前回は、3年満期・50%損金養老保険の「解約返戻率」の比較を確認しました。今回は、50%損金・養老保険の解約返戻率を上昇させる方法を見ていきます。
途中で支払いを中止すると、解約返還率が上昇!?
50%損金として活用される養老保険ですが、前回、期間3年、期間10年を見てきました。しかし、現実として、この養老保険を、期間3年または期間10年、きっちり保険料を払い続ける人はそう多くありません。途中で保険料の支払いを中止するケースが多いのです。
それは、途中で保険料の支払いを中止したほうが、最終的な解約返戻率が上昇するからです。
キャッシュフローが安定し、利益調整もやりやすく・・・
また、通常、保険料の支払いを中止する場合、解約と似た経理処理(洗い替え処理)をし、解約した場合と同様の益金計上が発生しますが、養老保険の場合は、法人税基本通達9-3-7の2にて、その処理が必要ないというルールになっているため、払えるところまで払って、あとは放置するというケースが非常に目立ちます。そのほうが、キャッシュフローも安定しやすく、解約返戻率も上がるのです。
それでは、実際に期間10年の養老保険で、10年間きっちり保険料を支払って10年を迎えた場合と、5年間で支払いを中止して10年目を迎えた場合とで、50歳男性の場合の違いを見てみましょう(図1)。
[図1] 10年満期養老保険において、保険料の支払いを中止した場合のイメージ
これを見てみると、5年目で支払いを中止したほうが、10年間きっちり払い続けるよりも、解約返戻率が若干高くなっています。支払いを中止した後も、自由に解約して資金を回収することができますので、キャッシュフローは安定し、出口の利益調整もしやすくなります。

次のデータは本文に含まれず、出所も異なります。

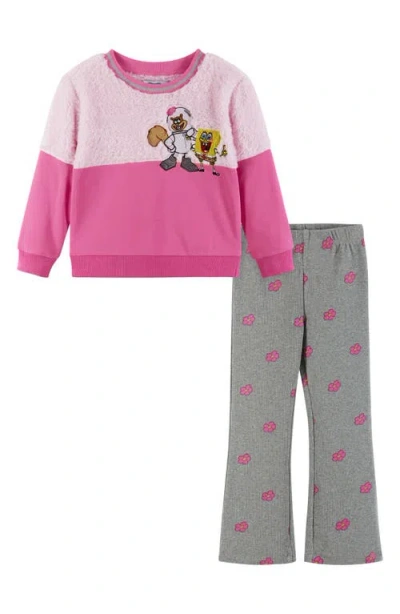 Andy & Evan Kids' Spongebob Squarepants™ Faux Fur Sweatshirt & Rib Leggings Set In Pink Hearts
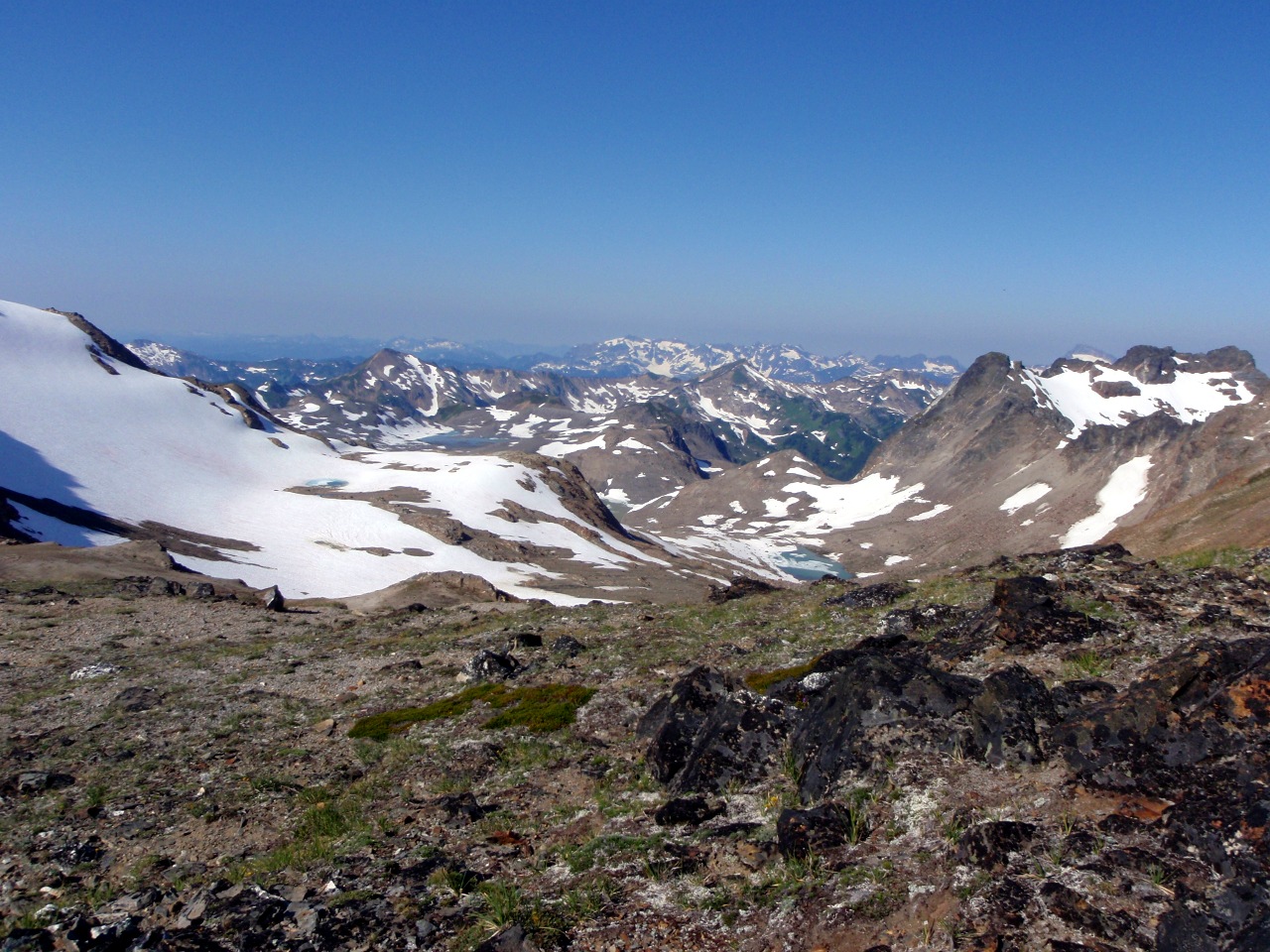 White Chuck Glacier basin from Glacier Gap. Remains of north lobe of White Chuck Glacier on the left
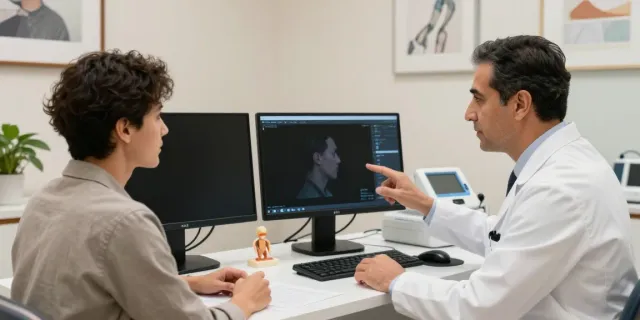 Dr Chacra consulting with patient on rhinoplasty options using 3D imaging technology in a modern clinic.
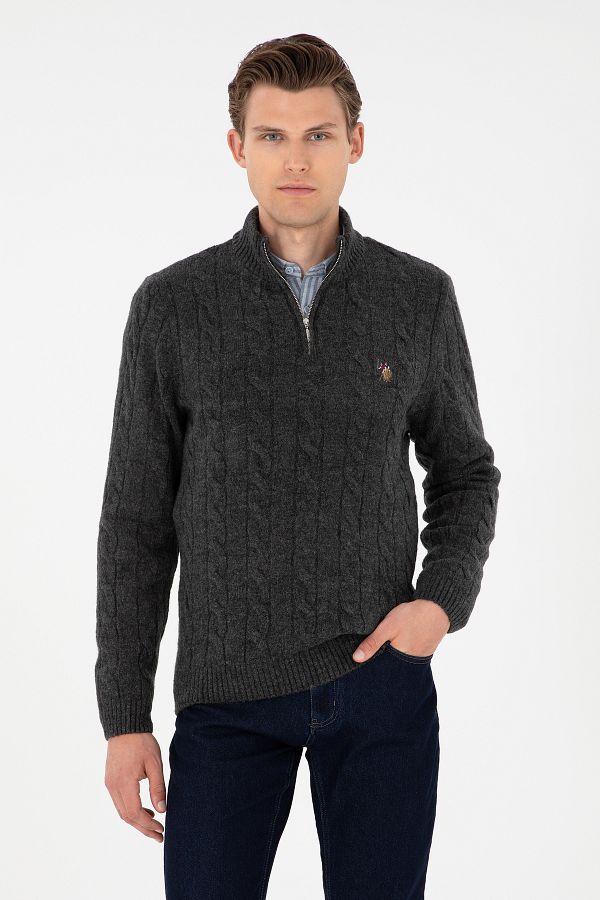 U.S. Polo Assn.-بلوفر رجالي ذو قصة عادية بلون أنثراسايت ميلانج - نصف سحاب 50293140 -vr081 1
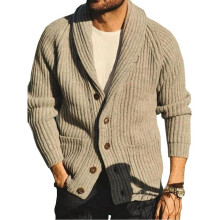 Men Sweaters Coat Autumn Mens Polo Long Sleeve Pit Strip Cardigan Sweater Single Breasted Solid Coat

さらに、1回だけ払って保険料の支払いを中止するパターンも非常に人気です。図2を見てください。30歳男性の例で見てみます。
[図2] 3年満期養老保険において、保険料の支払いを中止した場合のイメージ
1年目の保険料を支払った後、保険料の支払いを中止しています。このケースでは、3年満期時には解約返戻率が、94.5% → 91.4%と下がってしまうものの、90%台と大変高い解約返戻率をキープしています。最終的な解約返戻率が若干下がったとしても、キャッシュフロー重視の法人には使い勝手のよいものということで人気があります。